The problem is that it's "helping" everyone, but disproportionately helping the rich, with no return on investment in the government. The highest ROI (in GDP terms) on investment by government usually comes from infrastructure last I checked (there's also been a really weird perturbation of what "infrastructure" means by the Biden administration), so propping up balance sheets for companies that should have saved for a rainy day is absurd.
Let them fire who they need to fire, then help those citizens directly, via the government programs that are literally built to do just that. 2T is enough to pay A LOT of money out to all citizens (again, some % of the full/part-time work force, which is some % of the total population of ~350M), and definitely tide them over for a year. Strategic/truly essential businesses (let's say hospitals, airlines, freight, etc) are given extra help, and that's that.

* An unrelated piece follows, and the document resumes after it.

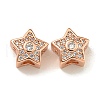 Rack Plating Brass Micro Pave Clear Cubic Zirconia Beads KK-A220-04RG-1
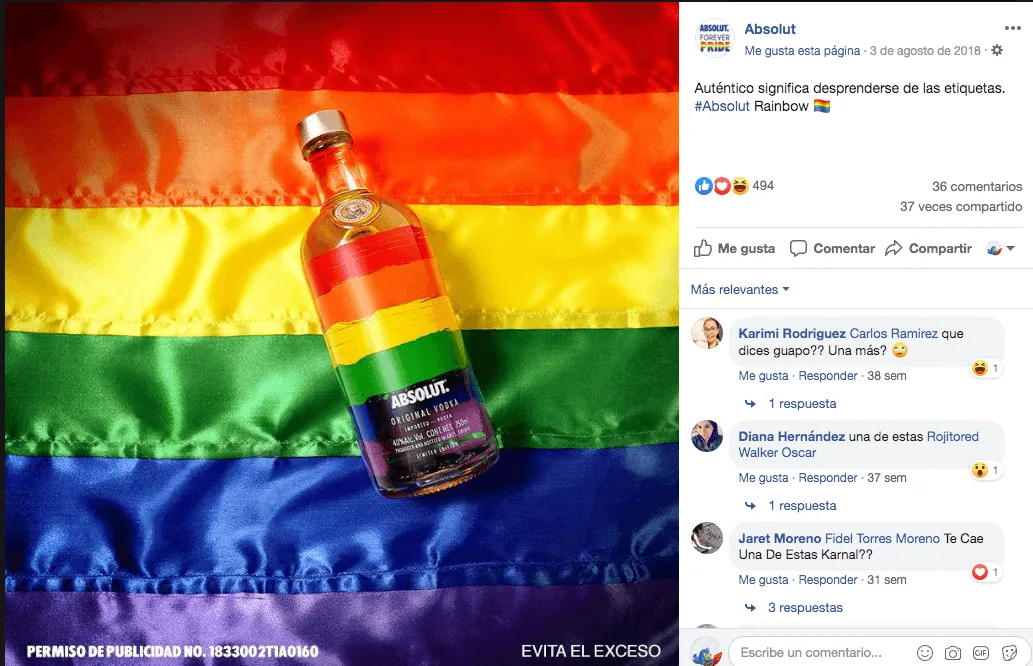 Ejemplo de Newsjacking LGBT en Absolut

I am a layman to be fair, so of course it's not this simple but I sure would have been more behind 2T given straight to people who became unemployed as a result, and letting that money trickle up back into the economy.
> If the Government can issue trillions of dollars in debt that mainly goes into regular people's pockets (stimulus checks, umemployment, 85% of PPP loans/grants, wages for pork jobs), then the Federal Reserve buying off an equal amount of debt shouldn't be seen as a stimulus for the rich.
This is wrong on it's face, and I think it's due to intentional misinformation by political actors. That first 2T stimulus (a lot of press was made about that number, it was almost fetishized) contained something like ~700B to households/household-adjacent programs, but what people overlooked was that the ~500B that went to businesses was leveraged up to 6x[0]:
> “We’ll have up to $4 trillion of liquidity that we can use to support the economy. And that’s —those are broad-based lending programs under Section 133. We can leverage our equity working with the Federal Reserve,” Mnuchin said on "Fox News Sunday," referring to a section of the Federal Reserve Act that gives the agency broad power to issue loans to borrowers who cannot secure loans.
When you take into account that these loans are going to be given at sweetheart rates, and maybe may not even be repaid (picking good lessees is hard), the popularly cited stat that "more money was allocated to households than businesses" is absolute bullshit. This is absolutely stimulus for the rich, who didn't need it to begin with, and arguably companies should have been just as prudent as we expect people to be.